Question de Mme BRIANTE GUILLEMONT Sophie (Français établis hors de France - RDSE-R) publiée le 02/04/2026

Mme Sophie Briante Guillemont attire l'attention de M. le ministre de l'Europe et des affaires étrangères sur les conditions d'examen de l'éligibilité des candidats lors du dépôt des listes pour les élections consulaires.

Il apparaît que des instructions ont été données aux postes de refuser l'enregistrement définitif des candidatures lorsque l'ensemble des candidats d'une liste ne sont pas inscrits sur la liste électorale consulaire (LEC) de la circonscription concernée, y compris pour des candidats n'étant pas en position d'être élus, sauf à justifier d'une démarche d'inscription en cours.

Une telle pratique soulève des interrogations au regard du cadre juridique applicable. En effet, si l'article 16 de la loi n° 2013-659 du 22 juillet 2013 subordonne l'éligibilité à l'inscription sur la LEC de la circonscription, il ne précise pas à quelle date cette condition doit être appréciée.
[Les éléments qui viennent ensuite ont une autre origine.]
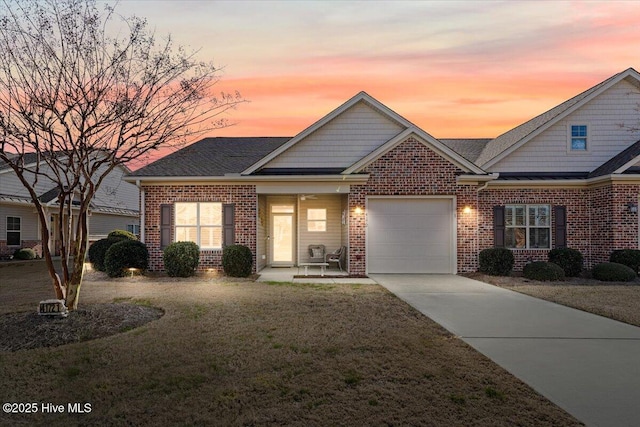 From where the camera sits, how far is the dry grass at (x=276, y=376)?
3514 millimetres

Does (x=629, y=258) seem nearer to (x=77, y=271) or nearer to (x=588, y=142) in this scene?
(x=588, y=142)

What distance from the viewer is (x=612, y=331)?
6.57 metres

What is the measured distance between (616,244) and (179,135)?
46.1 feet

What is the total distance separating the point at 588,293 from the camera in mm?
10266

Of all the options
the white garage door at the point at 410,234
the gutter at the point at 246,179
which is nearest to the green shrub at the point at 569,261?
the white garage door at the point at 410,234

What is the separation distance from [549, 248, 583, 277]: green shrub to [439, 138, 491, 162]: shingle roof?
21.7 ft

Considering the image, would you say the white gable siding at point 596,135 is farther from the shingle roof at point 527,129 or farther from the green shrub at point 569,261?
the green shrub at point 569,261

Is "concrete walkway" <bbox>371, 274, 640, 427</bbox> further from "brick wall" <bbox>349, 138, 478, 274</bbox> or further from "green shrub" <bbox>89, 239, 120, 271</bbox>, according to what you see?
"green shrub" <bbox>89, 239, 120, 271</bbox>

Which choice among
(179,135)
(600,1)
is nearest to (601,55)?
(600,1)

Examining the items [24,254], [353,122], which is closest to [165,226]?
[353,122]

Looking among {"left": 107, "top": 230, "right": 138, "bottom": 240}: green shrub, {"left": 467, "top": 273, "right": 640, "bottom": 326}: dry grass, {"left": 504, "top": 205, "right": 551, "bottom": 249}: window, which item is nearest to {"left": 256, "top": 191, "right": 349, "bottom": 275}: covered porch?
{"left": 467, "top": 273, "right": 640, "bottom": 326}: dry grass

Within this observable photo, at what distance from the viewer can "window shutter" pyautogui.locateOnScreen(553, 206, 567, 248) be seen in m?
14.6

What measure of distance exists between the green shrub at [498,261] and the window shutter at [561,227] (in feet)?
8.39

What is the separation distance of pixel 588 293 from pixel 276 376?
933 cm
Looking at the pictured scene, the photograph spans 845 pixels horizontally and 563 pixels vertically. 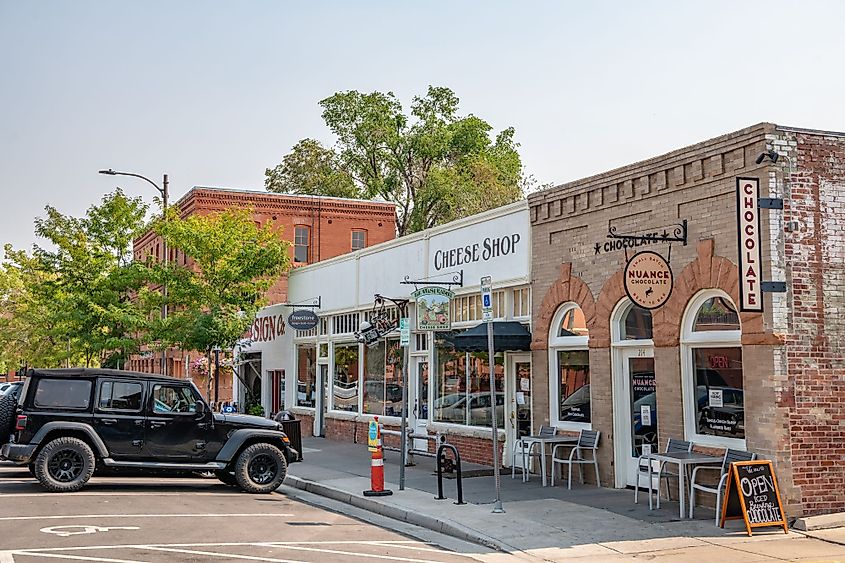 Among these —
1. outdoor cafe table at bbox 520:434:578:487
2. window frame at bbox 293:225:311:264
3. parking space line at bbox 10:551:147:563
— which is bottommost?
parking space line at bbox 10:551:147:563

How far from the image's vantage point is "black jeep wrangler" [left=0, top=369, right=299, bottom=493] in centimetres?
1539

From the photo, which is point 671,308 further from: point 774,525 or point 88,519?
point 88,519

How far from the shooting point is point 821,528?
474 inches

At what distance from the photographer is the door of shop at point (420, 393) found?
21.8m

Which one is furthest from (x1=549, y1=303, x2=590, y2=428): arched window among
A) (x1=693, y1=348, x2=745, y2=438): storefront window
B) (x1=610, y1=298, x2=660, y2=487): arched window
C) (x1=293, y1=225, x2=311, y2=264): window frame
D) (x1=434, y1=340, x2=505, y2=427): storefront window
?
(x1=293, y1=225, x2=311, y2=264): window frame

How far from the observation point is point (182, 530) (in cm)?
1211

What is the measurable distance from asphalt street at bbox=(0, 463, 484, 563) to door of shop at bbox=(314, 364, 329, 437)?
1110 centimetres

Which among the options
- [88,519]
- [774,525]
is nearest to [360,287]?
[88,519]

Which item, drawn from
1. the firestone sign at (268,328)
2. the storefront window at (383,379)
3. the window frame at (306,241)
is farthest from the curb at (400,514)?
the window frame at (306,241)

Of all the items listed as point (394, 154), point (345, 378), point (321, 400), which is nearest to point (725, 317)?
point (345, 378)

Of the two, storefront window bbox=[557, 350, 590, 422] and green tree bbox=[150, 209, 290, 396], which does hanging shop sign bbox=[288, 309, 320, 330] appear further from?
storefront window bbox=[557, 350, 590, 422]

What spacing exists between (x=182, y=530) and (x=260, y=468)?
14.8ft

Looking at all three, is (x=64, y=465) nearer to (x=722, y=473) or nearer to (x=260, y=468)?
(x=260, y=468)

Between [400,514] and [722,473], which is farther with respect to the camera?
[400,514] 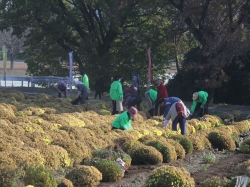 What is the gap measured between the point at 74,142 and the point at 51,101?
12.0m

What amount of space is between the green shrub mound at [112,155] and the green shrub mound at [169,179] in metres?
2.01

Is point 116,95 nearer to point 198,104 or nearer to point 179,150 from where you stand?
point 198,104

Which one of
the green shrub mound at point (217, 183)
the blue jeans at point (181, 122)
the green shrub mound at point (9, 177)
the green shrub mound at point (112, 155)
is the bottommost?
the green shrub mound at point (217, 183)

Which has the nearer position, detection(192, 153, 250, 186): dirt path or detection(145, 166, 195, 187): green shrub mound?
detection(145, 166, 195, 187): green shrub mound

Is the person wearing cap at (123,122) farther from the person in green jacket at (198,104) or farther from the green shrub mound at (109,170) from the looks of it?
the person in green jacket at (198,104)

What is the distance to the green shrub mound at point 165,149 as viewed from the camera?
1298 cm

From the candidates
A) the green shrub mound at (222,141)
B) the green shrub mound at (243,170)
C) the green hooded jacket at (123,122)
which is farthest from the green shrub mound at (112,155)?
the green shrub mound at (222,141)

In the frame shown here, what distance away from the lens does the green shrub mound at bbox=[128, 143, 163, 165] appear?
1250cm

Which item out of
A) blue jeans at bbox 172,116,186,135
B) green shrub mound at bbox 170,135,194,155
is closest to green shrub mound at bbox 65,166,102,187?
green shrub mound at bbox 170,135,194,155

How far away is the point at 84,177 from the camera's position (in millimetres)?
9805

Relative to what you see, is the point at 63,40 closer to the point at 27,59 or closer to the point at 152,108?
the point at 27,59

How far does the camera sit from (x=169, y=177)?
9586 millimetres

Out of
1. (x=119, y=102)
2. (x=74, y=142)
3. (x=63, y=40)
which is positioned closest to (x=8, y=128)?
(x=74, y=142)

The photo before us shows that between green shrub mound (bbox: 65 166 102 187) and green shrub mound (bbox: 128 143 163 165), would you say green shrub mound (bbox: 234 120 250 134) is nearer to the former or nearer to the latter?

Or, conformément à une jurisprudence constante en matière électorale, les conditions d'éligibilité s'apprécient en principe à la date du scrutin et non à celle du dépôt des candidatures.

Par ailleurs, le IV de l'article 19 de cette même loi encadre limitativement les vérifications opérées par l'administration préalablement à la délivrance du récépissé définitif, sans mentionner expressément la condition d'inscription sur la LEC. Cette interprétation avait d'ailleurs été confirmée par une réponse ministérielle de 2015, indiquant que l'administration ne pouvait refuser l'enregistrement d'une candidature au motif de l'inéligibilité tirée de l'article 16.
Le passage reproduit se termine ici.